The Democratic Party on the 1990s and leader Bill Clinton turned away from working class Americans and courted the professional and suburban class, along with Wall Street, to win elections. Clinton spearheaded such disasters as NAFTA and the repeal of the Glass-Steagall Act, helping to fuel the Great Recession crash of 2008.
In the aftermath of the economic crisis of 2008-09, George W. Bush and successor Barack Obama oversaw the Wall Street bailout and TARP, both of which did a lot for failed banking institutions and big business. But the average Joe and Jane really didn’t get much of anything.

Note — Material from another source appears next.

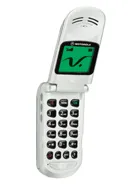Motorola V50 image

The process of helping the wealthy “too big to fail” fat cats was actually an exercise in Trickle Down 2.0.
Now with the passage Friday of the biggest bailout of all time, we’re seeing a few crumbs, in the form of a one-time payment, go to working stiffs and small businesses, but massive financial aid for the big guys, the huge corporations and industries, some of which were naughty boys and girls in the leadup to the economic downturn.
Even worse, anyone with the temerity to question or oppose the huge giveaways to the rich were framed by the misleading contentions that opposing this package was tantamount to opposing much needed relief for middle class and working Americans. Yeah, it was a bit like threatening to shoot a dog if you don’t buy the magazine.
So are they all in it together? They certainly aren’t in it to help the masses of suffering people.
Our Senators and Representatives should have stripped away all of that excessive pork baggage and simply crafted a stimulus bill earmarked only to working stiffs and small businesses. As former Labor Secretary Robert Reich noted, many of the big businesses and corporations have enough money on hand to deal with the crisis, so helping them can wait.
Reich, for example, reported the airline industry got a nifty tax cut just a couple of years ago and squandered it on stock buybacks, which benefitted no one but themselves. Even worse, the cruise industry has found ways to avoid paying U.S. taxes. And why does Amazon CEO Jeff Bezos need a tax cut when he pays nothing now?
So I call this Trickle Down 3.0, and I am wildly disappointed in Republicans for spearheading the giveaways to the rich again for spearheading the giveaways to the rich again and the Democrats for rubber stamping it.
It appears Friedman called his shot. Though a crisis often can present us with a chance to make reforms to improve our political and economic systems, it seems more likely the deterioration of both will continue.
We’re going there in a hand basket.
“Who was it that set up a system, supposedly democratic system, where you always wind up voting for the lesser of two evils?” — The Fugs, commenting on the presidential election of 1968.